In der Revision führt der Kläger aus, es sei ihm durchaus bewußt, daß im Rahmen der bisherigen Judikatur eine Haftung der beklagten Partei für den klagsgegenständlichen Schaden nicht gegeben sei. Der Zweck des § 1318 ABGB gebiete jedoch eine weitere Interpretation des Gesetzeswortlautes. In Fortentwicklung der bisherigen Rechtsprechung erscheine auch eine Autobahnbrücke dem Begriff "Wohnung" subsumierbar. Dabei könne durchaus von der Entscheidung JBl1958/402 ausgegangen werden, in welcher die Haftung hinsichtlich eines von einer Magazinsrampe herabgefallenen Gegenstandes nur wegen des fehlenden Merkmals einer unvermuteten Einwirkung verneint worden sei. Vorliegendenfalls sei die Schädigung unvermutet erfolgt, liege die Gefährlichkeit der von der Höhe kommenden Einwirkung vor und der Kläger befinde sich in einem unüberwindlichen Beweisnotstand. Somit bleibe nur die Frage der Verfügungsgewalt offen. Hier sei zu sagen, daß die REPUBLIK ÖSTERREICH deswegen, weil sie sowohl die Westautobahn als auch die unter dieser durchgeführte Bundesstraße 1 dem Gemeingebrauch zugeführt habe, vom Schutzzweck des § 1318 ABGB her eine Haftung für den gegenständlichen Schaden treffen müsse. Sie habe die objektive Gefahr geschaffen, ein Verschulden am Schadensereignis könne der Geschädigte nach den örtlichen Gegebenheiten einer bestimmten Person aber niemals nachweisen. Somit sei durch eine weite Interpretation des § 1318 ABGB der Schutz desjenigen geboten, der dem Gemeingebrauch dienende, unter Brücken durchführende Straßen benütze. Dem Standpunkt des Revisionswerbers kann nicht beigetreten werden. Zutreffend geht die Revision im Sinne der diesbezüglichen Ausführungen des Berufungsgerichtes ausschließlich von dem in der Klage geltend gemachten Haftungsgrund des § 1318 ABGB aus (SZ 23/74, SZ 42/138 u.a.). Entgegen ihrer Ansicht hat das Berufungsgericht diesen Haftungsgrund aber zu Recht verneint.

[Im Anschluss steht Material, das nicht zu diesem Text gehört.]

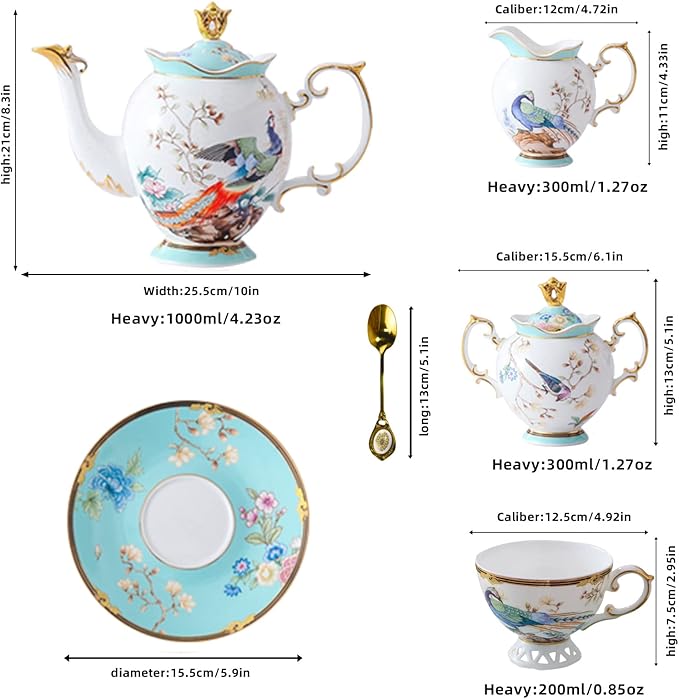 ACMLIFE Fine Bone China Tea Set with Teapot, Porcelain Tea Sets for Adults, 21-Piece Vintage Tea Set for 6, 24K Gold Blue English Floral British Bone China Tea Sets for Women Tea Party for Gifts - Bloomnest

Nach der Anordnung des § 1318 ABGB haftet in dem Falle, als jemand durch Herabfallen einer gefährlich aufgehängten oder aufgestellten Sache oder durch Herauswerfen oder Herausgießen aus einer Wohnung beschädigt wird, derjenige, aus dessen Wohnung geworfen oder gegossen worden oder die Sache herabgefallen ist, für den Schaden. Hinsichtlich dieser Bestimmung herrscht in Lehre und Judikatur (hiezu Koziol, Haftpflichtrecht 2 II, 388, Anm.12), wovon auch der Revisionswerber ausgeht, jedenfalls insoweit völlige Übereinstimmung, als ihre Anwendung das Vorhandensein einer Räumlichkeit oder zumindest eines Zusammenhanges der schädigenden Sache mit einer solchen voraussetzt. Der Oberste Gerichtshof hat demgemäß in den Entscheidungen SZ 46/36 und 2 Ob 182/71 ausdrücklich ausgesprochen, daß eine ausdehnende Auslegung der Bestimmung des § 1318 ABGB ihre Grenze im Vorhandensein eines Raumes (Geschäftslokal, Waschküche, Amtsräume, Theater usw.) findet. Daß eine Autobahnbrücke in diesem klargestellten Sinne keine Räumlichkeit darstellt, bedarf keiner weiteren Erörterung. Schon allein am Mangel dieser, auch nach Ansicht des erkennenden Senates vom Wortlaut und gemäß der Systematik des Gesetzes - nicht der Besitzer des Hauses als eines Bauwerkes (§ 1319 ABGB) sondern der Wohnungsinhaber (vgl. Zeiller, Comm III/2, Anm.3 zu § 1318) haftet -; so auch 6 Ob 663/81 jedenfalls geforderten, Voraussetzung scheitert somit die Argumentation des Revisionswerbers. Auf seine weiteren Revisionsausführungen - der Inhalt der Entscheidung JBl1958,402 wurde unrichtig wiedergegeben - ist daher nicht mehr einzugehen. Der ungerechtfertigten Revision muß ein Erfolg versagt bleiben.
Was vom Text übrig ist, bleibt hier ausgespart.